Content starts

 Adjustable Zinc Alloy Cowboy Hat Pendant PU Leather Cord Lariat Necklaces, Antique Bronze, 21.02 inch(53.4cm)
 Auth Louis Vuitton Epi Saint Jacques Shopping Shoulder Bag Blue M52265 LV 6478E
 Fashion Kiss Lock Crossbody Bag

Content ends
Content starts

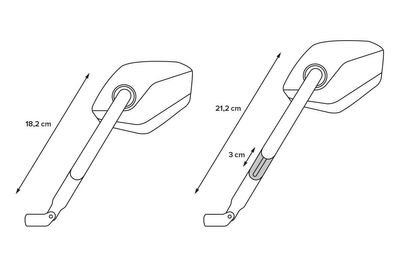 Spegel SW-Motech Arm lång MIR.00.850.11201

Content ends

▸ **WORK ITEM**:
Among the entries above, copy exactly only the lines starting with the one containing "Auth Louis Vuitton" and going through the one containing "Fashion Kiss Lock Crossbody Bag", both ends included.

▸ **WRITTEN ANSWER**:
 Auth Louis Vuitton Epi Saint Jacques Shopping Shoulder Bag Blue M52265 LV 6478E
 Fashion Kiss Lock Crossbody Bag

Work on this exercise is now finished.